Lawmakers had been called back for a special session this week by Republican Gov. Henry McMaster to continue work on Senate Bill 474, known as the “Fetal Heartbeat and Protection from Abortion Act,” which bans most abortions after early cardiac activity can be detected in a fetus or embryo, which can commonly be detected as early as six weeks into pregnancy, before many women know they are pregnant.
The bill will now head to the Republican-controlled state Senate, where lawmakers will consider changes made by the House. The Senate passed the initial version of the bill back in February.
Even if approved by the Senate, it remains to be seen whether the law would survive a court challenge. The state Supreme Court earlier this year struck down a similar six-week ban over privacy concerns.
But were the new legislation to go into effect, it would mean that the entire US South, with the exception of Virginia, has moved to significantly curtail abortion rights since the US Supreme Court overturned Roe v.

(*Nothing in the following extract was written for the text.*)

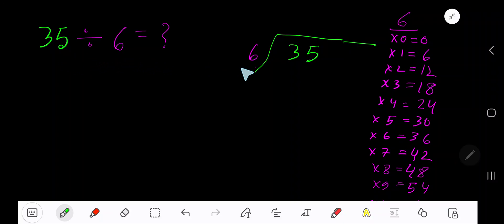35 divided by 6. Yes, 6 is a divisor. So we need the multiplication table of 6.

Wade last year.
The state House voted 82-33 to advance the amended bill, with two Democrats joining Republicans in the chamber, but not before debate on the legislation dragged on for hours over multiple days.
Democratic lawmakers had filed more than 1,000 amendments to the legislation and vowed to make fellow legislators consider all of them, while Republicans said they would stay to work on the bill for as long as it took.
“We have no intention of pulling any amendments. We are going to make it hurt if they are going to force this on us,” Democratic state Rep. Beth Bernstein said.
Asked by CNN’s Jake Tapper on Wednesday whether the Democrats were “delaying the inevitable” passage of the measure, Bernstein conceded that “unfortunately” they were but that they also sought to raise awareness around it.
“[T]he reason these amendments are being filed is so we can have that voice and so people can understand what we’re doing at the statehouse is we’re effectively banning abortion,” Bernstein said on “The Lead.”
South Carolina passed a similar 6-week abortion ban in 2021, but the state Supreme Court struck it down earlier this year, concluding that the state constitution’s privacy protections require limits on the procedure to allow women sufficient time to end a pregnancy.
Recent efforts to pass further restrictions on abortion also faltered in April when the state Senate failed to pass the “Human Life Protection Act,” which would have banned most abortions in the state, in a 22-21 vote with five women voting against it – including three Republicans. The bill had previously passed in the state House and included exceptions for incidents of rape or incest.
Consideration on South Carolina’s latest abortion bill came as lawmakers in neighboring North Carolina moved on Tuesday to ban most abortions after 12 weeks after the state’s Republican-led General Assembly overrode a veto by Democratic Gov. Roy Cooper.
This headline and story have been updated with additional developments.